Re: Usuwanie sektora rozruchowego

Autor: Michal Kawecki <kkwinto_at_o2.px>
Data: Thu 12 Jun 2008 - 09:28:08 MET DST
Message-ID: <r30292ozibxg$.dlg@kwinto.prv>
Content-Type: text/plain; charset="iso-8859-2"

Dnia Thu, 12 Jun 2008 08:21:24 +0200, Wojciech "Spook" Sura napisał(a):

> Michal Kawecki wrote:
>>> Moim problemem nie jest przenumerowanie kanałów dysków tylko
>>> usunięcie danych dotyczących bootowania z MBR dysku.
>>
>> Twoim problemem jest to co napisałem. Ale skoro wolisz zaklinać
>> rzeczywistość, to miłej zabawy.
>
> Ja nie chcę zaklinać rzeczywistości. Wygląda natomiast na to, że się bardzo
> paskudnie nie rozumiemy: półtora miesiąca temu miałem zainstalowanego XPka,
> Vistę i Mandrivę, miałem podłączony ten dysk 250 i wszystko działało
> poprawnie.

Może miałeś wówczas wszystkie kody i pliki startowe zapisane na tym
urządzeniu, które BIOS uważał za bootujące. Zauważ, że bootmanagery o
których mówimy (XP, Visty, GRUB), potrafią uruchamiać system także z
innego fizycznego napędu, jeśli tylko podstawimy im właściwe ścieżki lub
chociaż obraz sektora MBR z innego napędu celem załadowania zapisanego w
nim, innego bootmanagera.
 
>> BIOS czyta sektor MBR z napędu ustawionego w nim jako urządzenie
>> bootujące i uruchamia znajdujący się tam prosty programik.
>
> Zgaduję, że jeśli nie znajdzie go na pierwszym dysku twardym, to szuka na
> kolejnym aż do skutku (albo do wyświetlenia informacji, że brakuje
> bootowalnego dysku), prawda?
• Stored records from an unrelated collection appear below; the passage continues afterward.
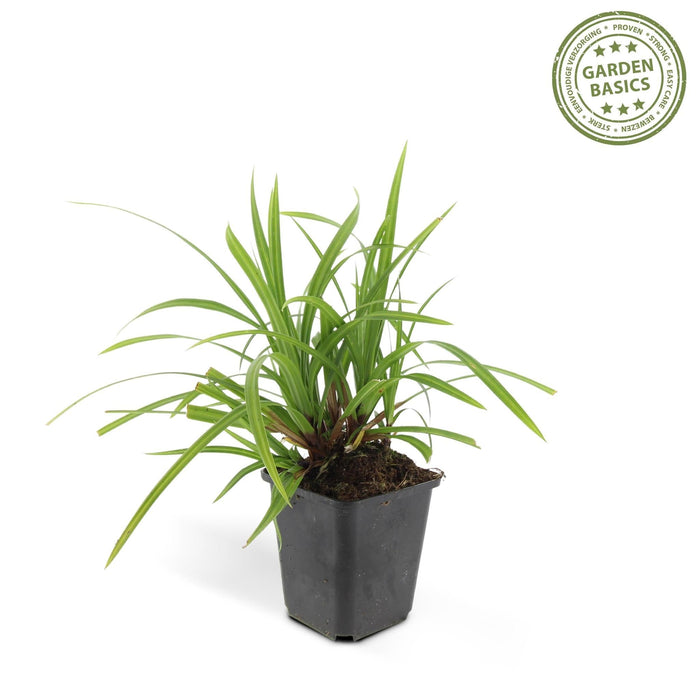 Carex Morrowii 'Irish Green' - Sett Med 6 Stk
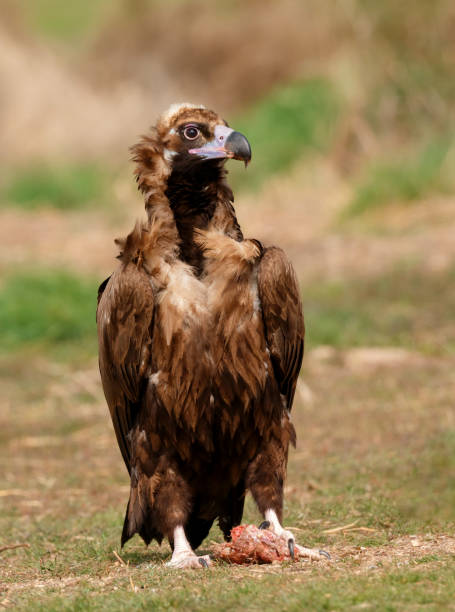 istock The majestic black vulture 1187657593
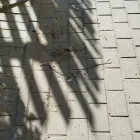 Przedsiębiorstwo 5 wizerunek ADM CENTRUM. SP. Z O.O. Kategoria w Białystok PD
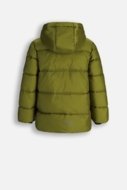COCCODRILLO jakete OUTERWEAR BOY JUNIOR, zaļš, cm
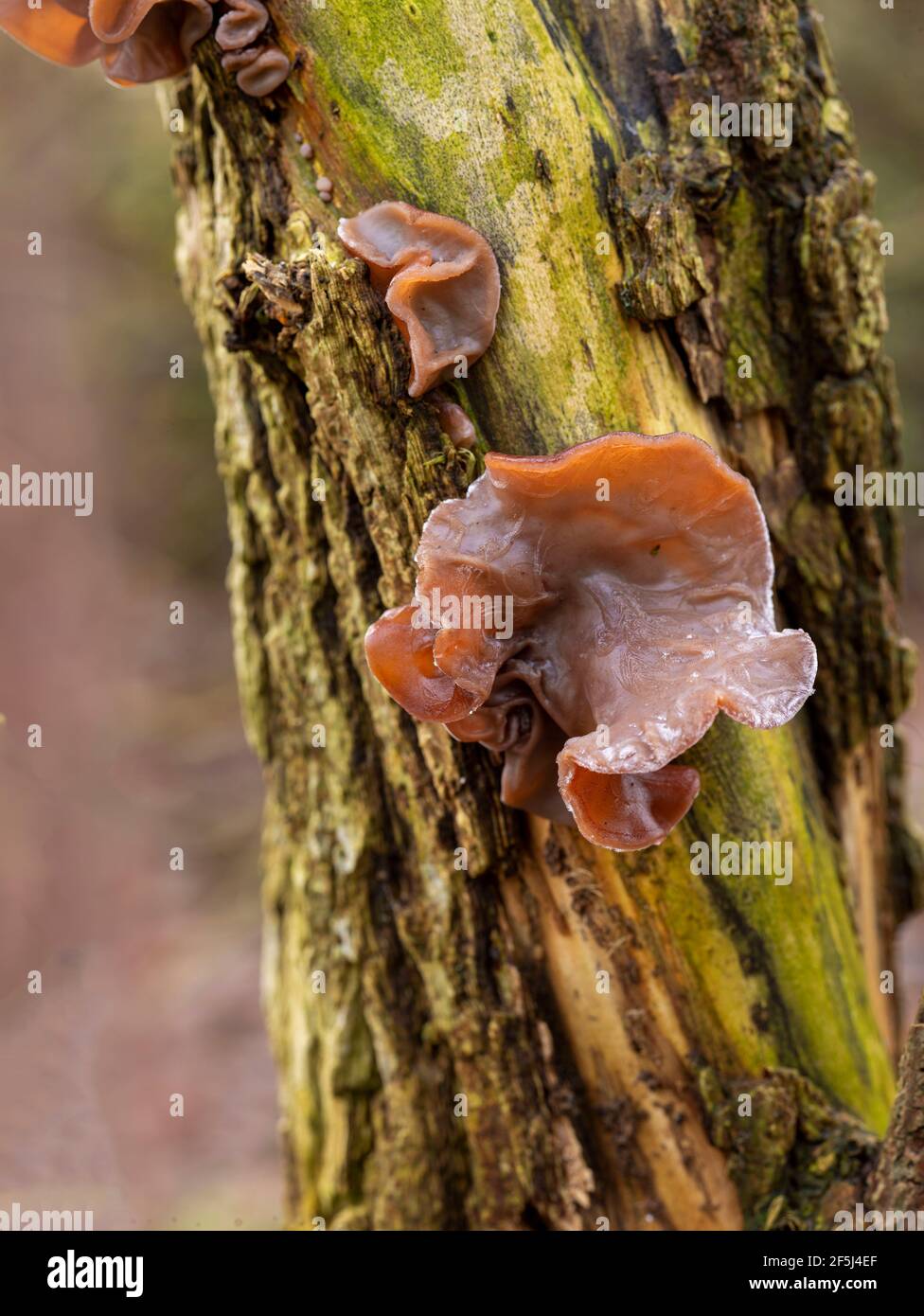 Detail Auricularia Auricula Judae Nomer 40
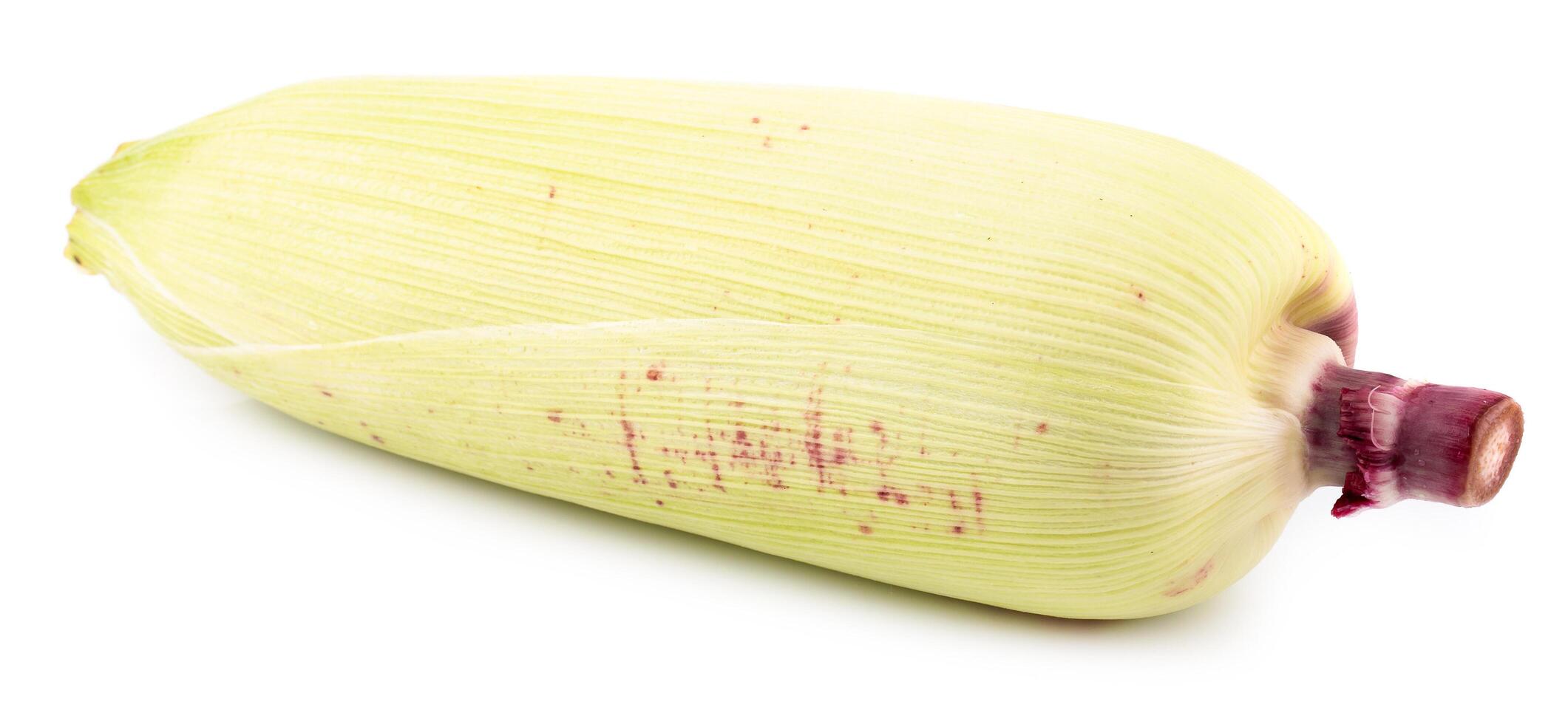 Fresh corns isolated on a white background photo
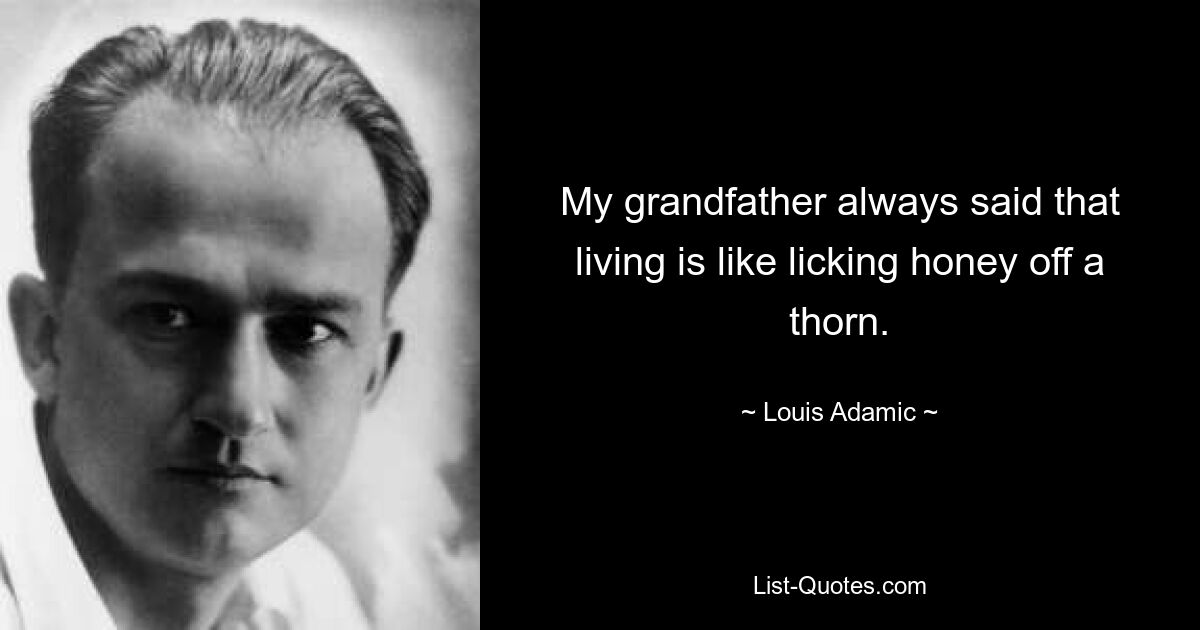 My grandfather always said that living is like licking honey off a thorn. — © Louis Adamic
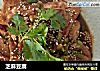 芝麻豆腐的做法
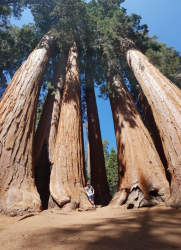 1579055697377.png 1579055697377.png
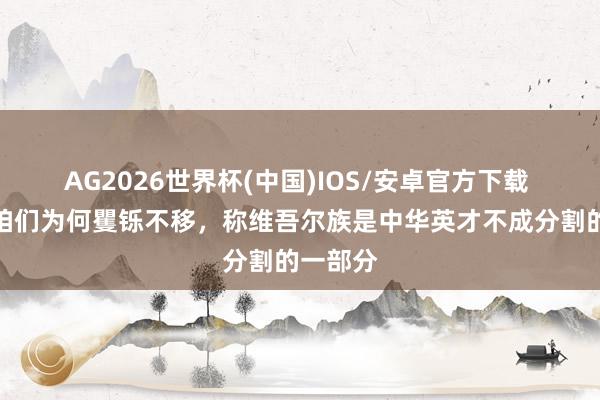 AG2026世界杯(中国)IOS/安卓官方下载 今天，咱们为何矍铄不移，称维吾尔族是中华英才不成分割的一部分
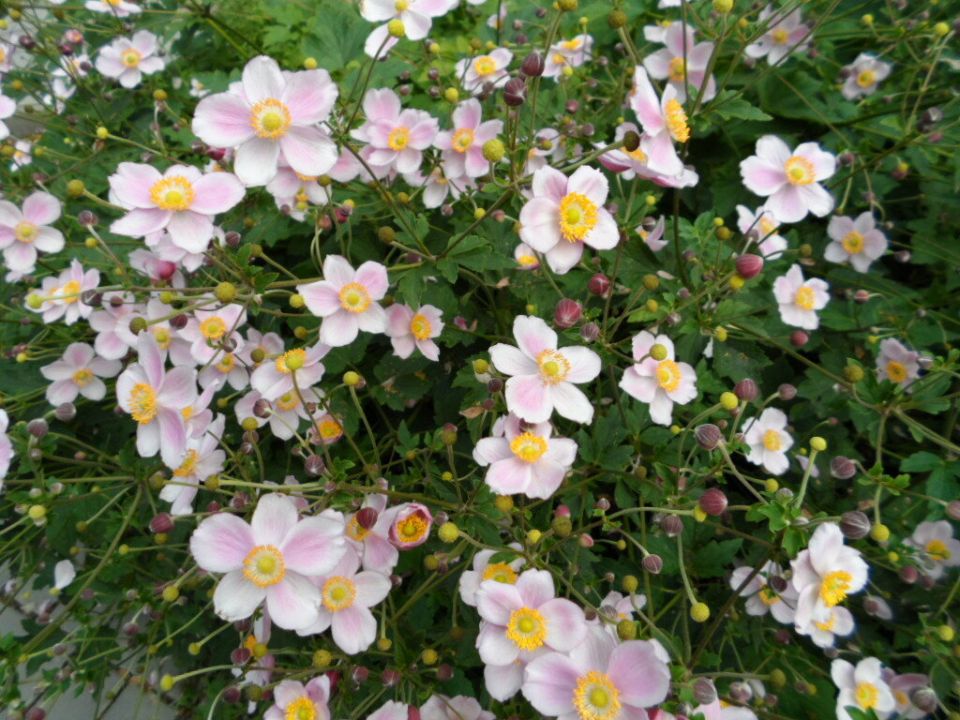 Вернем утраченное: как многолетние цветы могут преобразить ваш сад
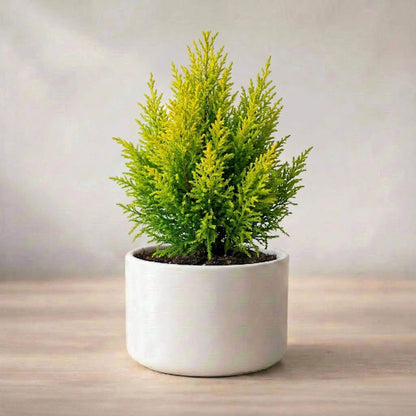 Cypress Tree Seeds - Ornamental Plant Seeds for Home Gardens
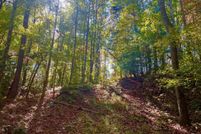 Undeveloped Land for sale in Gilmer County, Georgia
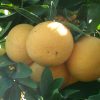 Pomelos rose Corse   (vendu à la pièce 350 g environ)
W BIOSie nie mam możliwości ustalenia, który
> dysk twardy jest bootowalny, tylko "Hard disk".

W sumie to już ściśle zależy od algorytmu zaimplementowanego w BIOS-ie.
Z reguły szuka on kolejno najpierw na napędzie ustawionym jako
bootujący, a potem od razu na następnych zdefiniowanych urządzeniach
(nośniki wymienne, LAN etc.), pomijając szukanie na pozostałych dyskach
twardych.

>> Tenże
>> programik odczytuje bootsektor partycji zaznaczonej jako aktywna z
>
> Proszę o doprecyzowanie, co oznacza "aktywna". Jeśli to samo, co pod Windows
> XP ("Ustaw partycję jako aktywną"), to mój problem polega na tym, że mam
> dwie różne partycje aktywne na dwóch różnych [fizycznie] dyskach - z której
> zatem korzysta BIOS? Jeśli nie chodzi o to samo, to już nie wiem o co chodzi
> :)

Każdy napęd może mieć jedną ze swoich partycji ustawioną jako aktywną.
To chyba logiczne - traktuj dysk twardy z partycjami jako samodzielną
jednostkę, która po przełożeniu do innej maszyny musi umieć wystartować
system.
 
>> napędu wskazanego przez BIOS jako bootujący i uruchamia znajdujący
>> się w nim loader systemu operacyjnego. Tenże loader wyświetla menu
>> startowe Windows, a po podjęciu decyzji przez użytkownika co
>> uruchamiać, ładuje pliki systemowe wybranego systemu z uprzednio
>> zdefiniowanej ścieżki i przekazuje im kontrolę nad dalszym jego
>> uruchamianiem.
>
> Jasne.
>
>> Nie ma tu miejsca na żadne magiczne sztuczki uprawniane przez
>> instalatora Visty ani też przez Ghosta.
>
> Nie napisałem, że Ghost uprawia magiczne sztuczki. Po prostu wygląda na to,
> że podczas odtwarzania partycji z Vistą odtworzył również bootsektor albo
> MBR dysku na którym znajduje się partycja z Vistą - i dlatego wszystko
> zaczęło działać w miarę poprawnie.

To znaczy, że BIOS dalej czyta z nieprawidłowego napędu. Różnica jest
taka, że teraz programik który stamtąd jest ładowany do pamięci w jakiś
sposób znajduje sobie swoje środowisko startowe na innych napędach.
Jeżeli szuka go na przykład na napędzie x, to Ghost pewnie pomógł mu
zapisując coś do MBR na tymże napędzie. Innymi słowy, proponuję po
prostu przejrzeć jakimś hexedytorem zawartość MBR na każdym z dysków
sprawdzając istniejące kody startowe, obejrzeć ich tabele partycji,
zaznaczyć która partycja gdzie jest aktywna, i rozpisać sobie łańcuszek
prowadzący do uruchomienia systemu. Można sobie pomóc zapisując kolejno
w MBR-ach dysków jakieś inne kody startowe potrafiące się komunikować z
użytkownikiem (np. Ranish, Lilo, cokolwiek co wyświetla informację o
sobie na ekranie) i w ten sposób kolejno dochodzić ogniw łańcuszka.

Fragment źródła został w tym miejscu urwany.